The Ladies of Clara's Drapery Shop

Clara Matynka, our CHM, was an entrepreneurial sort.  Her shop for the custom manufacture of draperies and slipcovers was quite successful and ran for decades.  Her business premises were a building with one huge room with ceilings clear up to what would have been the ceilings of the second floor of a house.  Big picture windows in front let in light; a refrigerator in back held cold drinks and the ladies' lunches.  The walls were light green; the air smelled like fabric and sewing machine oil; the floor was scuffed linoleum.  But everybody's hands and dresses were completely clean at all times.

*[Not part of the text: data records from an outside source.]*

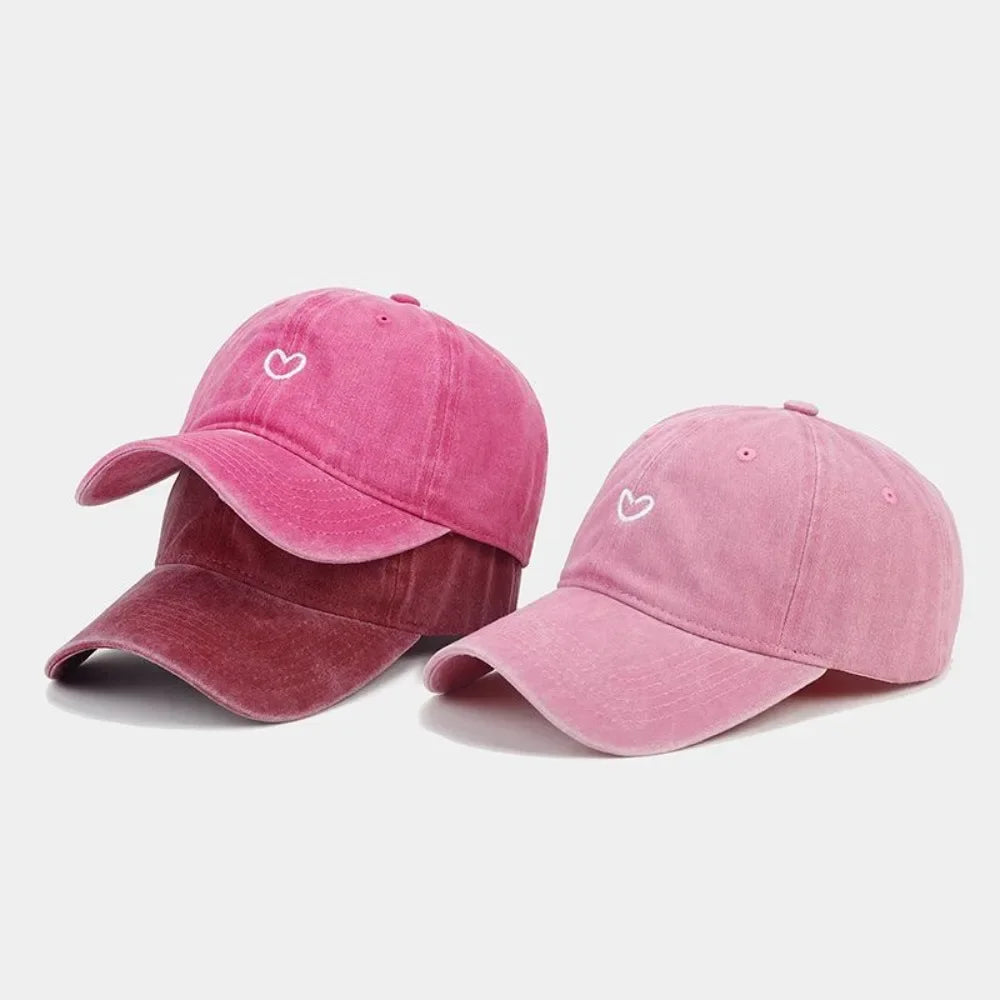 Casquette coeur délavée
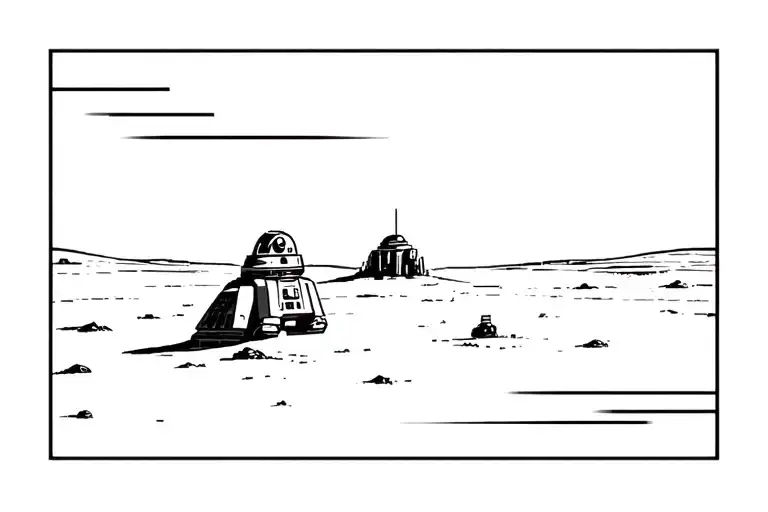 star wars tatooine in a square tattoo design idea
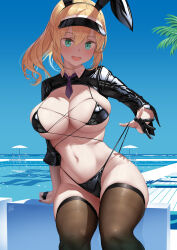 Rule 34 | 1girl, absurdres, ahoge, alternate costume, animal ears, artoria pendragon (fate), bikini, black bikini, black hat, black jacket, black thighhighs, blonde hair, blue necktie, blush, breasts, cleavage, cropped jacket, fake animal ears, fate/grand order, fate (series), flat cap, green eyes, groin, hair between eyes, hat, highres, huge breasts, jacket, large breasts, long hair, long sleeves, looking at viewer, medium hair, meme attire, micro bikini, mysterious heroine x (fate), mysterious heroine xx (fate), navel, necktie, open mouth, outdoors, ponytail, rabbit ears, reverse bunnysuit, reverse outfit, shrug (clothing), sidelocks, sitting, skindentation, sky, smile, solo, stomach, strap pull, swimsuit, thick thighs, thighhighs, thighs, uo denim, wide hips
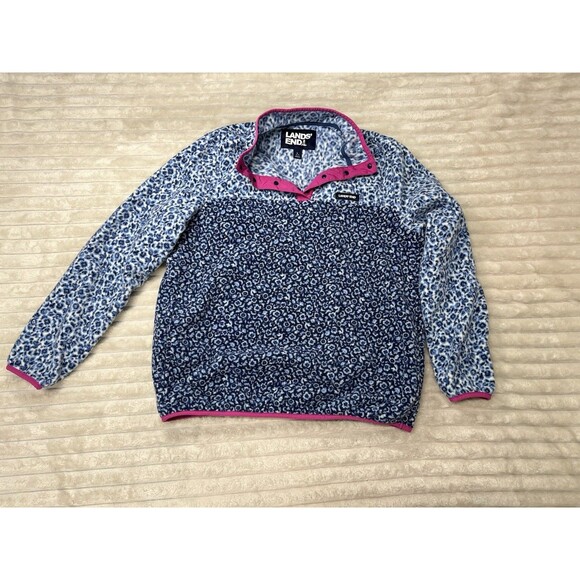 Lands’ End Women’s Cheetah Print Long Sleeved Pullover Fleece Sweater Size Large - Picture 1 of 6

Huge heavy solid wooden tables - three or four - took up most of the space.  Each one was something like, let me guess, 20 feet by 30 feet.  Each one was fitted with a cream-colored canvas top, permanently ruled with lines 1 inch apart running across the table, and stuffed or lined with firm batting 1 or 2 inches thick.  On these tables large bolts of fabric could be unrolled and precisely cut, for draperies that were sometimes quite large and also lined.  Into these tables pins - giant stout pins with crossways handles to them -  could be stuck.

You have to pin fabric down securely in order to cut precisely.

Under these tables and against all the walls were bolts of fabric, as well as the cardboard tubes left over once the fabric was used up.  I don't know what Clara's Drapery Shop used those tubes for, but Marty and I used them to try to breathe through when hiding from bad guys under blankets (the breathing didn't work, but we did escape the notice of the bad guys.)  Famously, one of those tubes became the mast for the Santa Maria in the Marilla production of Columbus Proves the Earth is Flat, starring Sharon Stroinski as a benignly inebriated Christopher Columbus.

But I digress.

Besides the cutting tables there were of course several specimens of sewing machine scattered around the back of the big room.  Some had long tall arms to accommodate giant draperies for sewing.  There were always two or three ladies employed at these machines, and my guess is that the two ladies on the right below are two of them.

So left to right we have CAMZ as a young teen, CHM boss lady, and two of the ladies.

One lady was introduced to me as Pani Edna.  She had a brilliant smile and a warm personality.


CAMZ, likely in 1943, but where?  Are those rosebushes on the right background?

Obviously Clara and Gertrude spent time there and picked up skills.  Gertrude much later took the helm of the business.  Clara was always tailoring.  She must have been taught by those ladies, as well as her mother.  Where did her mother, CHM, learn the art?

It just occurs to me that those ladies knew CAMZ as a girl, and so that explains some of the twinkle in their eyes when they greeted her daughter as visitor to their shop.

Julie

Are there any photos of the furniture refinishing shop owned and operated by Mazurowski, Stroinski, and Stawicki?  What was the name of it?  Would someone like to write up a history of the enterprise?